もちろん長い時間日が当たる場所が良いわけですが、なかなかそうもいかないのが現実です。
多くの人は屋根に載っている太陽熱温水器を思い浮かべますが、確かに屋根であれば日照が良い可能性が高いのですが、メンテナンス上は明らかに不利となります。
従って、それぞれの事情によって最適な場所を見つけ、それに適合する太陽熱温水器を探します。
1)屋根
一般的に障害物が少なく日照に有利なケースが多いですが、反面、高所であることは大きなデメリットでもあります。
写真の太陽熱温水器は、人力で2階の屋根に持上げて設置しています。
ここまで持上げるには、足場を設置して数人で持上げるか、クレーンを使わなければ危険ですから当然設置費用が高くなります。
そうなると、設置費用が太陽熱温水器よりも高くなることも珍しくありませんし、漏水などの不具合や定期的なメンテナンスもしにくくなります。
屋根に設置する場合には、屋根に何らかな方法で登れるように工夫をしておくことと、採熱器の軽い分離分割型を推奨しています。
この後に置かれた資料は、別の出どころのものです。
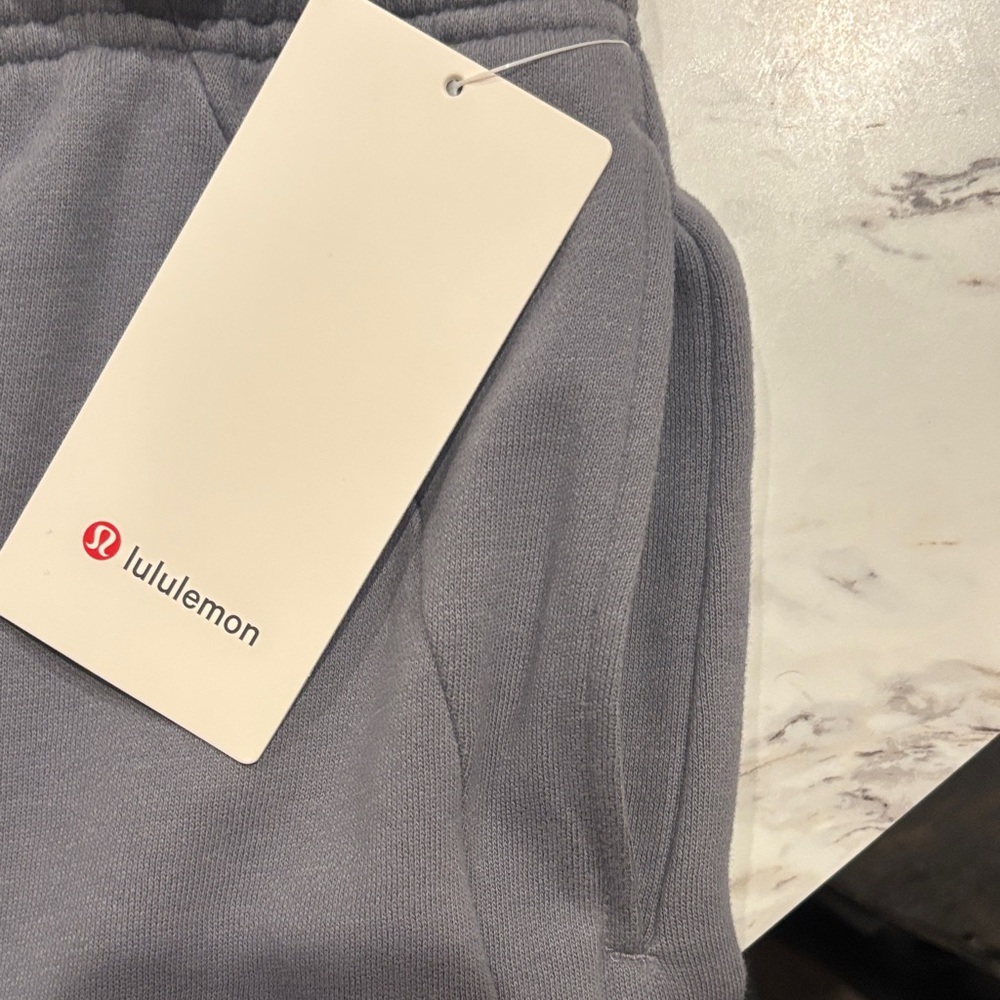 LULULEMON NWT Scuba Oversized MR Short 7” Graphic in Solar Gray XL - Picture 7 of 7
タンク一体型は重いのでできるだけ避けるようにしてください。
2)ベランダ
ベランダに設置することは、管理面で屋根よりも格段に優れていますし、通常は日当たりも良いケースが多いはずです。
貯湯タンクを2階ベランダか室内(ボイラー室)に設置すれば、お風呂や台所まで最短距離で配管すれば良いので放熱ロスは少ないです。積雪の多い、極寒冷地の北海道や東北地方に向いていますが、設置場所が限られている場合にも検討に値します。
ベランダ型は、真空管が85cmと標準的なベランダに合わせ短くなっています。
採熱量は標準(1.80m)のものと較べて劣るので割高感はありますが、日頃の管理ができる点は大きなメリットです。
3)地上設置
従来からある太陽熱温水器のほとんどは自然落水型で、屋根などの高いところに置いていたのは自然落下させるために必要なためだったわけです。
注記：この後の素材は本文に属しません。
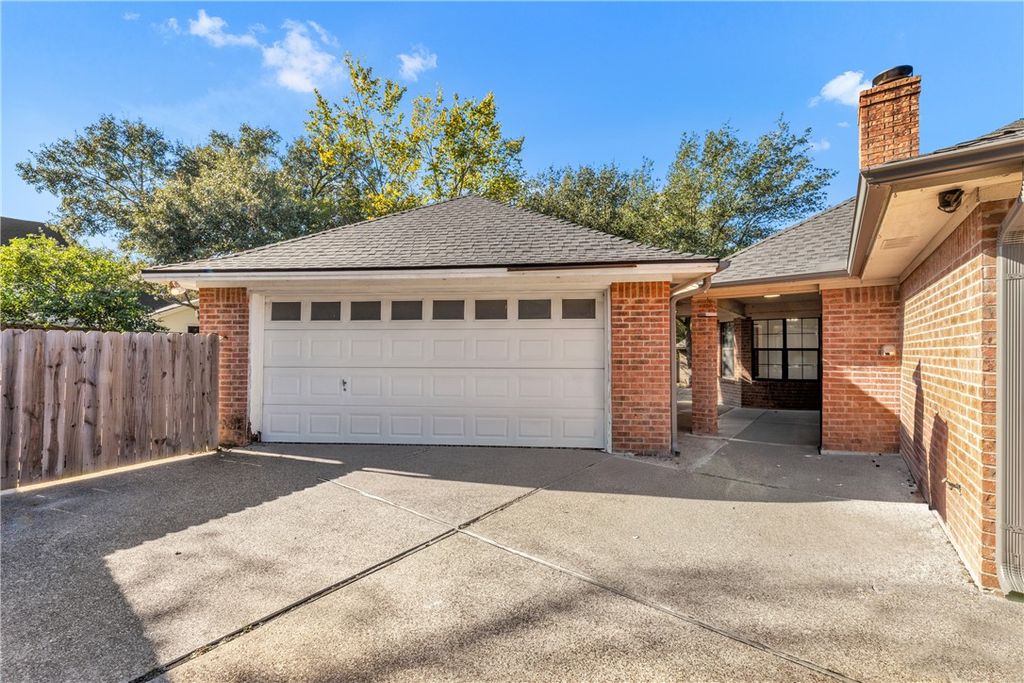 Photo of 204 Hearthstone Circle, College Station, TX 77840 (MLS # 25012662)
しかし、現在では水道圧に耐えられるような製品がありますので、必ずしも屋根に載せる必要はなく、日照が良い場所ならどこでもかまいません。
土地に余裕があり、車などの通行に邪魔にならない場所があるなら地上設置を考えるべきです。
地上にあるわけですからメンテナンスも容易で設置費用も一番安くなりますが、ケースとしては少なくなります。
2.タンクの容量の決め方
統計によると、標準家庭(4人)で水道水を1日当たり約800リットル使うとなっています。
この内、お風呂200、洗面50、台所50と仮定すると300リットルとなります。
お風呂を主体に考えるのであれば200Lの温水器で十分と考えられます。
家族が多い場合、たっぷりお湯を使いたい場合は300L以上のタイプを選ぶようにしてください。
(参考資料)
3 まとめ
屋根は一般的に日照条件が良いのですが、設置するのに難しい場所でもあります。
いかに自然エネルギーを使うためとは言え、重いタンク一体型の太陽熱温水器を屋根まで持上げるのは苦労も多く危険でさえあります。
太陽熱はタダのエネルギーではありますが、それを使うためには機器を買うだけでは十分ではなく、創意工夫が求められます。
太陽熱利用においては採熱から保温、そして利用までの間で熱をできるだけ逃がさないことが求められます。
しかし、従来の平板式は採熱はするものの放熱も多く、気温の低い真冬においては十分な熱量を確保できませんでした。
これを改善したのが真空管採熱器です。
二重ガラス管になっており、真空は熱を通さないため極めて効率よく熱を集めます。
そして、配管に十分な保温対策を施すことにより太陽エネルギーの利用が可能となります。